I think that it fills faster when you take the dead grass off. Maybe it is placebo effect.


----------



## Budstl

@g-man very will could be. It's got a long way to go to fill in. It's nice walking over to a bare spot to see a new plant coming up 4-6 inches from the turf. I'm always like hello there buddy. Nice to see ya.

@NoslracNevok I've been meaning to put a flag there for a while now. Of course my dumb *** forgot that the stain was still wet, so needless to say i had to take it down. I still need a new one for the front.


----------



## Budstl

I have an area that seems to be significantly more blue/green than the rest of the lawn.I'd like the lawn to have this look.

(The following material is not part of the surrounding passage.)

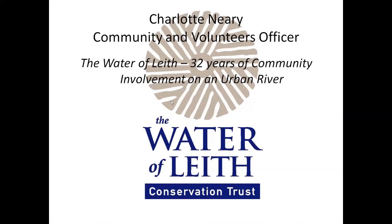My job title at the Water of Leith Conservation Trust is Community and Volunteers Officer, which means I manage the volunteer teams and the teams that come from the community — youth groups and corporate groups — doing practical conservation along the Water of Leith. My job also includes doing quite a lot of research about the wildlife in the river so that I know what conservation tasks to do and I can monitor whether the work we're doing is working from the point of view of boosting biodiversity.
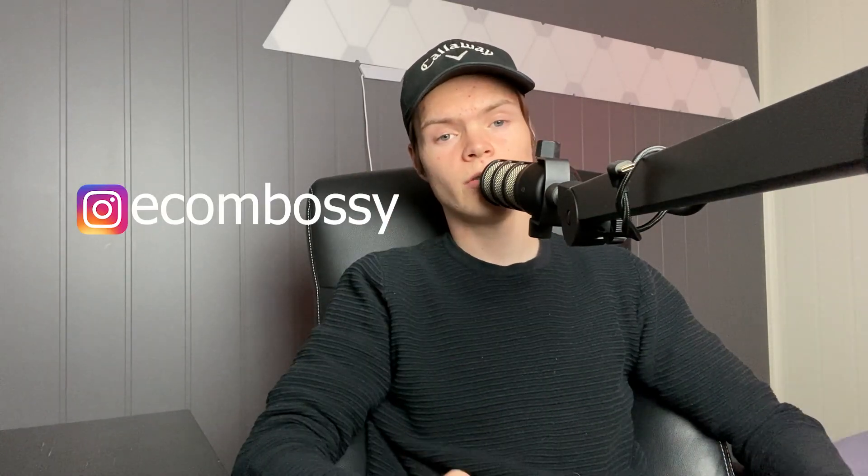I'm finally back home so we're going to get straight into the uploads once again. If you want to join the dropshipping coaching program, you can message me on Instagram. Without further ado, let's get into it.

It's overall appearance looks better as well. This area right by the back patio always greens up before the rest of the lawn. My thought is that it is just weeks ahead of the rest of the lawn or i didn't mix the seed up well and there is more of 1 cultivar there. The first few pics are if the better area. May be harder to tell from the pictures. Any thoughts?











Check out this spot in the front lawn. Around 12 new plants spreading in.


----------



## social port

@Budstl, the lawn is looking really, really good. Has it been hot there? We've had a heat wave and no rain for over 14 days. It has been brutal. 
Question about your ideal blue/green area: Does that area get any shade from an awning or something similar?


----------



## Budstl

Thanks for the reply sp. It does, but really late in the afternoon. The photo was taken before noon. As far as weather, we have had a lot of rain. Many rivers, the Mississippi and Missouri are close to record crest. Those don't affect me. Heat wise it hasn't been to bad. Upper 80s today. Most of next week look like low to mid 80s with chance of storms.


----------



## Chris LI

Could it be an overlap in spreader passes? What about spray fert/iron? Did you make any apps? It looks like some extra Fe, with that nice blue/green color.


----------



## g-man

@Budstl from your April post, this is the dog pee area. Dog pee (or pee in general) is around 10-2-4 (depends on diet).


----------



## Budstl

@Chris LI I've applied 1 application of screamin green april 26th. That's been my only fert for the season so far.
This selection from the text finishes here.